Cabozantinib s-malate is under clinical development by Exelixis and currently in Phase I for Small-Cell Lung Cancer. According to GlobalData, Phase I drugs for Small-Cell Lung Cancer have an 81% phase transition success rate (PTSR) indication benchmark for progressing into Phase II. GlobalData’s report assesses how Cabozantinib s-malate’s drug-specific PTSR and Likelihood of Approval (LoA) scores compare to the indication benchmarks. Buy the report here.

GlobalData tracks drug-specific phase transition and likelihood of approval scores, in addition to indication benchmarks based off 18 years of historical drug development data. Attributes of the drug, company and its clinical trials play a fundamental role in drug-specific PTSR and likelihood of approval.

Cabozantinib s-malate overview

Cabozantinib s-malate (XL184, BMS907351, Cometriq) is a s-malate salt form of cabozantinib. It is formulated as hard gelatin capsules for oral route of administration.
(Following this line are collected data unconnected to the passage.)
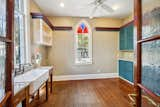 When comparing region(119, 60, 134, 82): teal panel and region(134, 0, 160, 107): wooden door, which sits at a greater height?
region(134, 0, 160, 107): wooden door

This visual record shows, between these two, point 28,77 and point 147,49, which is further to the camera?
point 28,77

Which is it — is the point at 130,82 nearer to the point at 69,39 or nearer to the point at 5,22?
the point at 69,39

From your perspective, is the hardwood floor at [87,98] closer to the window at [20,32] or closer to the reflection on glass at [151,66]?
the window at [20,32]

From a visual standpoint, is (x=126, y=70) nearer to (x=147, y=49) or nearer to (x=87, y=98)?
(x=87, y=98)

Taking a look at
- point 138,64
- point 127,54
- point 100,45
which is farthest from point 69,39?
point 138,64

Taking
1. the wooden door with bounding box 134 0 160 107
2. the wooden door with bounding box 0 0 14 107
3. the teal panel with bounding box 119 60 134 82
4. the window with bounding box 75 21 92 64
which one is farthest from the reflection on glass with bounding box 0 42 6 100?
the window with bounding box 75 21 92 64

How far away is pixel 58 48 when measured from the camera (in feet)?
20.0

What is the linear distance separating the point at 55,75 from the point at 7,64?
5.14 metres

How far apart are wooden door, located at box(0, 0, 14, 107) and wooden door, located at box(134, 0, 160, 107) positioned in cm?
100

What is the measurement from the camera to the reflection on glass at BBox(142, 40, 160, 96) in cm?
96

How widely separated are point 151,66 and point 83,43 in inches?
212

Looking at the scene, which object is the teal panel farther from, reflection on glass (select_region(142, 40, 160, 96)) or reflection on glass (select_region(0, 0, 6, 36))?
reflection on glass (select_region(0, 0, 6, 36))

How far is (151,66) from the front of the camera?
3.45 ft

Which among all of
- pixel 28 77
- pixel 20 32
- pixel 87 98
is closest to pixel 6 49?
pixel 28 77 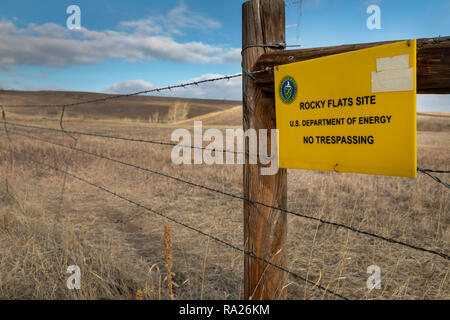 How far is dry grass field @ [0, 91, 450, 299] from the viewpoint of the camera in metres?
2.88

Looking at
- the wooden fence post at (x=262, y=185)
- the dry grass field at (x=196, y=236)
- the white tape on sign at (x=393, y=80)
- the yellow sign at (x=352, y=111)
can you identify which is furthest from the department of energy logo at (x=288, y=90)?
the dry grass field at (x=196, y=236)

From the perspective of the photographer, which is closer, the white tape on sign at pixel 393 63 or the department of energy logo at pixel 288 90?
the white tape on sign at pixel 393 63

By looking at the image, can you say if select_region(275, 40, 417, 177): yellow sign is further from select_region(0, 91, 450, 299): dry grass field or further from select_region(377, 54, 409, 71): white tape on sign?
select_region(0, 91, 450, 299): dry grass field

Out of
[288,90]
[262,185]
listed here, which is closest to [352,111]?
[288,90]

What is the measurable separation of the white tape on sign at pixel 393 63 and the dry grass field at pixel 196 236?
149cm

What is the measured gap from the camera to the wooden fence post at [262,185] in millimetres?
2033

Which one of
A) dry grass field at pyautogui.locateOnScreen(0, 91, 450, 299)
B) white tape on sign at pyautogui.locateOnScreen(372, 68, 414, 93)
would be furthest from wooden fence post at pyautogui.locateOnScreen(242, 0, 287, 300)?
white tape on sign at pyautogui.locateOnScreen(372, 68, 414, 93)

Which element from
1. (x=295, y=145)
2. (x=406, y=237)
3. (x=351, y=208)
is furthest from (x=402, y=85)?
(x=351, y=208)

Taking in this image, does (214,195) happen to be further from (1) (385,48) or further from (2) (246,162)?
(1) (385,48)

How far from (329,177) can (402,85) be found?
20.4 ft

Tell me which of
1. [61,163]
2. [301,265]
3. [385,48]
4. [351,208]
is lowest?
[301,265]

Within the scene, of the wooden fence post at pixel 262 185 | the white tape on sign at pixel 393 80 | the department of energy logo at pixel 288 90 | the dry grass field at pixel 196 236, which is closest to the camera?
the white tape on sign at pixel 393 80

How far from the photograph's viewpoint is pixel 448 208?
4.97 m

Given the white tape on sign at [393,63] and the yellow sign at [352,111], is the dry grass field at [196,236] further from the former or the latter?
the white tape on sign at [393,63] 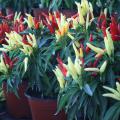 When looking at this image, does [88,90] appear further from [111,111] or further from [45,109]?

Cometriq is indicated for the treatment of patients with progressive, metastatic medullary thyroid cancer.

It is under development for metastatic cervical cancer, metastatic castration-resistant prostate cancer (mCRPC), clear cell renal cell carcinoma, advanced or metastatic urothelial cancer, carcinoid tumor, gastroesophageal adenocarcinoma, metastatic melanoma, thyroid cancer, neuroendocrine gastroenteropancreatic tumors, thyroid cancer, hepatocellular carcinoma, pheochromocytoma, bladder cancer, paraganglioma (glomus jugulare tumor), metastatic uveal melanoma, neuroendocrine gastroenteropancreatic tumors (gep-net), breast cancer, hormone-receptor-positive breast cancer with bone metastases, transitional cell carcinoma (urothelial cell carcinoma), merkel cell carcinoma, bladder cancer, peritoneal cancer, pancreatic neuroendocrine tumor, fallopian tube cancer, epithelial ovarian cancer, endometrial cancer, urethral cancer, ureter cancer, rhabdomyosarcoma, non-rhabdomyosarcoma, Wilms' tumor (nephroblastoma), ewing sarcoma, osteosarcoma, transitional cell carcinoma (urothelial cell carcinoma), papillary renal cell carcinoma, recurrent head and neck cancer squamous cell carcinoma,squamous cell carcinoma, metastatic colorectal cancer, plexiform neurofibroma, penile cancer, metastatic adenocarcinoma of the pancreas, relapsed/refractory multiple myeloma, adenocarcinoma of the gastroesophageal junction, non-small cell lung cancer, esophageal cancer, castration-resistant prostate carcinoma [CRPC], small cell lung cancer [SCLC], recurrent or progressive meningioma, papillary thyroid carcinoma (PTC), follicular thyroid carcinoma (FTC) and triple-negative breast cancer [TNBC].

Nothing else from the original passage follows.